I don’t know where you’ve been for the last four years, but I also don’t care. The last time you took a “break” you spewed some awful nonsense at us about killing your neighbor for trapping your monkeys and it landed you in the local insanitarium house and blah, blah, blah. Spare us this time please. Just get back here and answer our questions. We need help!

 So here goes…I’m a middle-aged woman, six-foot-seven, and super sassy. I was raised to never cut my hair and always wear ankle-length flower-print dresses (sometimes on fun days or marathon practicing, I splurge and go with my floor length denim skirt). I still adhere strictly to those values and even raise my kids to think the same. Anyways, you can probably imagine that without a single haircut in 44 years, my hair is very, very long by any standard; 12 feet 3 inches to be exact. I was cursed with straight, black hair, and it’s a safety hazard in almost every situation—I get it caught in the car door and drive on it, it gets wrapped and tangled around the axles of grocery store carts, people step on it and curse at me…all kinds of stuff. The locals don’t even bother with my name anymore; they just call me The Hair Beast. I’ve tried everything I can think of, shy of cutting it, which I will never, ever do. I usually just end up stuffing it in a gigantic back pack, or I make my kids grab some and carry it around the mall behind me. Is there ANYTHING I can do to safely live my hair values? Please, oh please help me.

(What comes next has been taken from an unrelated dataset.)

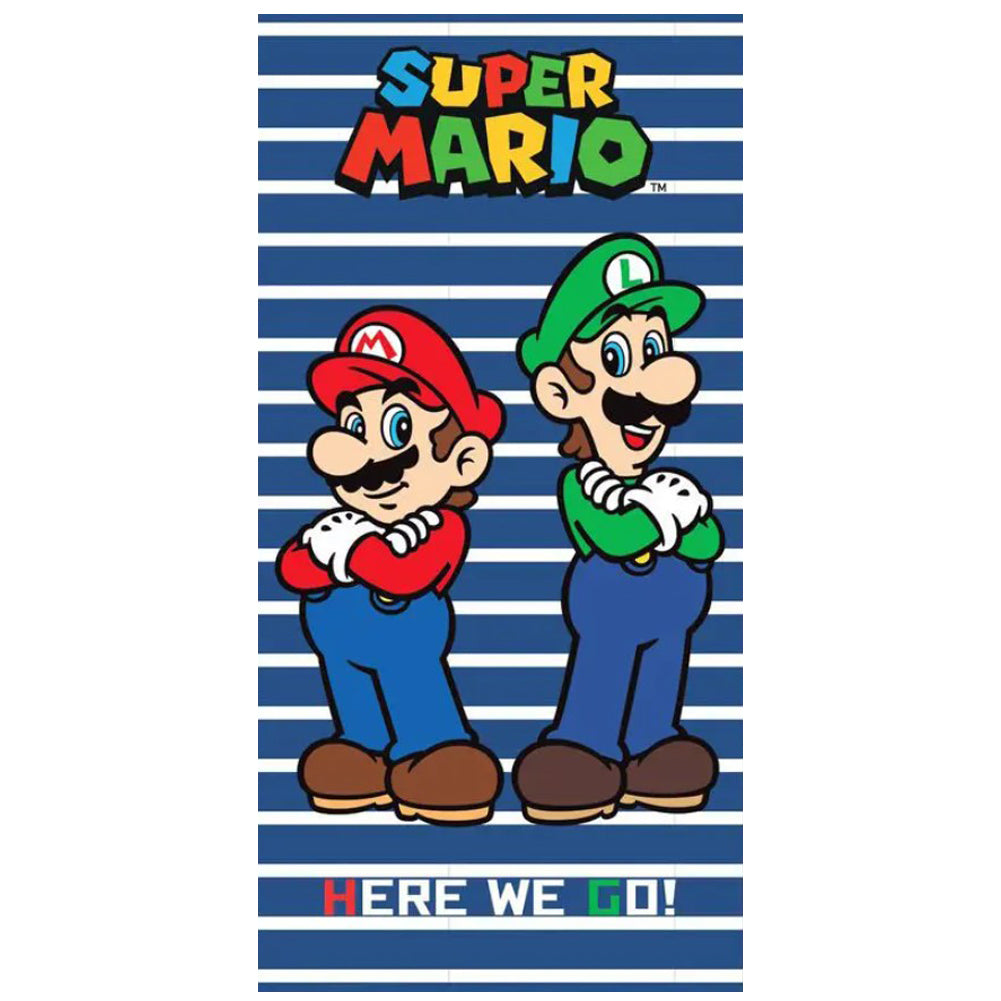 Super Mario Towel - Buy Towels at GiftMasters.co.uk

-Gerty Von Doogan – Skunk Tooth, AR  

Hairbeast,

Holy Hair. My first thought, which is almost always on-the-money but will certainly fall on deaf ears in this case, is to advise you to cut your hair, weirdo. Your values are just, well, beyond comprehension (sidenote: I would pay a bag of pirate gold to see you running a marathon in that get-up). That said, if the solution space can’t include a hair-chop and a makeover, let’s get down to business. As I see it, you have three options and they’re all amazing: the “braid belt”, the “double tuck” and the “ultimate perm”.

The braid belt is pretty much what it sounds like. Braiding that mangled mess will take you forever and only buy you about eight inches off the back end, so you’ll need to wrap the resulting pony tail around your waist at least five times and pass it off as a belt. It’ll probably work. Double tucking is even less complicated—tuck it in at the neck and let it drape down your back inside your dress...tuck the rest into your panties. Just being truthful, you’re going to have a huge, bulging ball of hair in your bungies, but I've seen this work for a select few. The ultimate perm requires professional help, and frankly, your headshot isn’t going to land in any style magazines when it’s done. Perms went out with the 80’s, but most stylists can probably wing it. It’ll cost you a bundle, and with that much hair, I honestly have no idea what it will look like. Probably not good.  Anyways, Let me know which one you choose and how it works out for you.